--- START ---

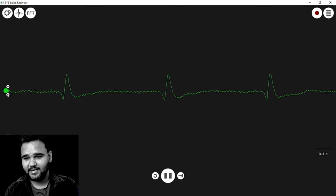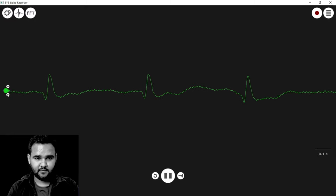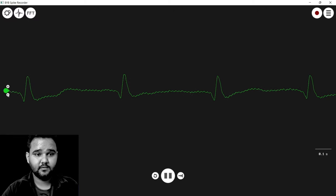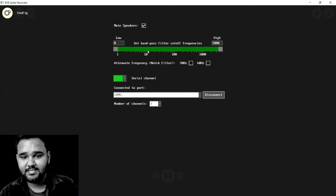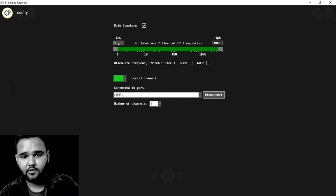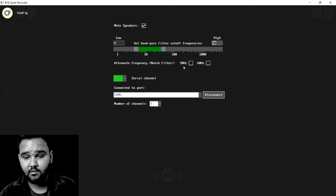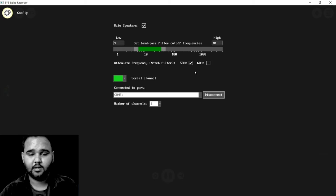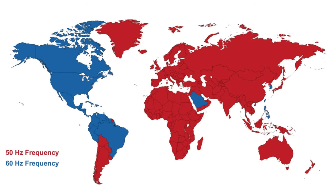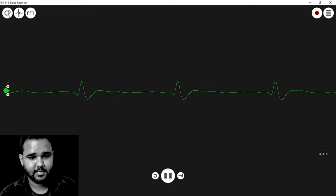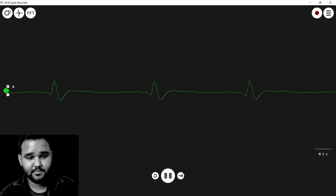You can see some signals coming up, but they are not very clean. To clean the signal, go back to Settings and set the bandpass filter. I'll choose 4 Hz as the lowest frequency and 40 Hz as the highest. I'll also enable the 50 Hz notch filter because I am in India — you can choose 60 or 50 Hz according to your location.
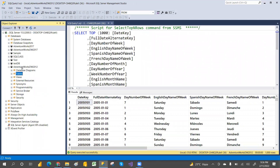That's how you can attach the AdventureWorks DW database. Not only 2012 - you can attach any version the same way. Go to the URL, download the database, and follow the same steps for practice. Please share and subscribe to my channel for more videos. Thank you!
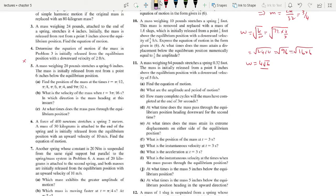Question number 5: a mass weighing 20 pounds stretches a spring 6 inches. The weight of the mass is 20 pounds. The mass is initially released from rest from 6 inches below the equilibrium position.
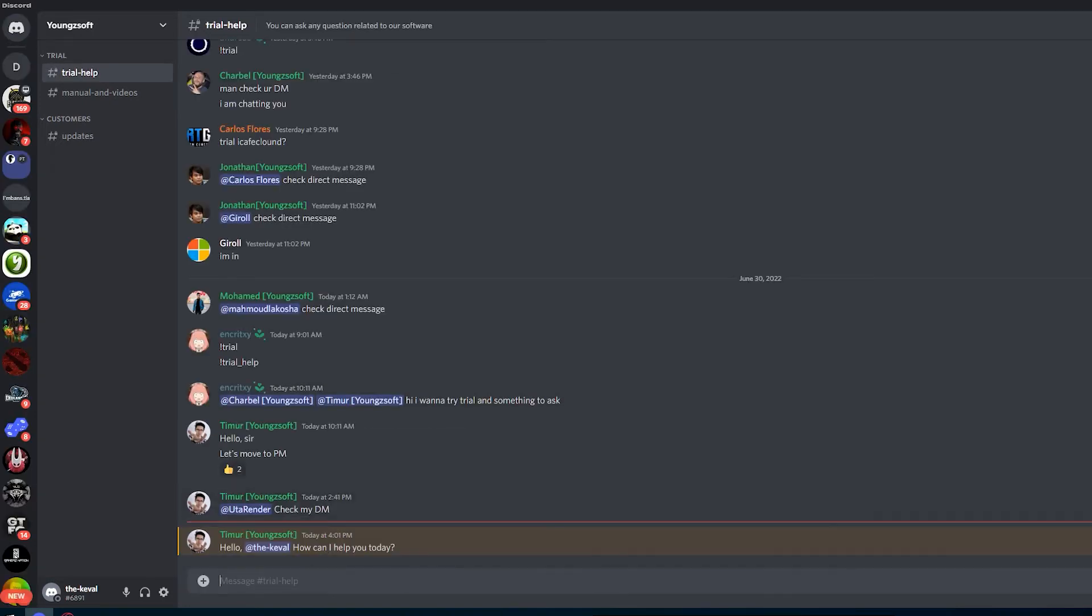Here, just tell the support that you want to try iCafe Cloud and they will help you from there.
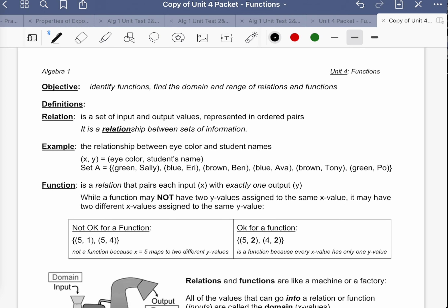The terms we need to become familiar with are: relation, function, domain, and range. A relation is a set of input and output values represented in ordered pairs. Really any coordinate you've ever plotted can be thought of as a relation — it's a relationship between two variables, variable x and variable y.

--- END ---

Where an entry contains an image, drop the image and copy everything else word for word.

You can see some signals coming up, but they are not very clean. To clean the signal, go back to Settings and set the bandpass filter. I'll choose 4 Hz as the lowest frequency and 40 Hz as the highest. I'll also enable the 50 Hz notch filter because I am in India — you can choose 60 or 50 Hz according to your location.
That's how you can attach the AdventureWorks DW database. Not only 2012 - you can attach any version the same way. Go to the URL, download the database, and follow the same steps for practice. Please share and subscribe to my channel for more videos. Thank you!
Question number 5: a mass weighing 20 pounds stretches a spring 6 inches. The weight of the mass is 20 pounds. The mass is initially released from rest from 6 inches below the equilibrium position.
Here, just tell the support that you want to try iCafe Cloud and they will help you from there.
The terms we need to become familiar with are: relation, function, domain, and range. A relation is a set of input and output values represented in ordered pairs. Really any coordinate you've ever plotted can be thought of as a relation — it's a relationship between two variables, variable x and variable y.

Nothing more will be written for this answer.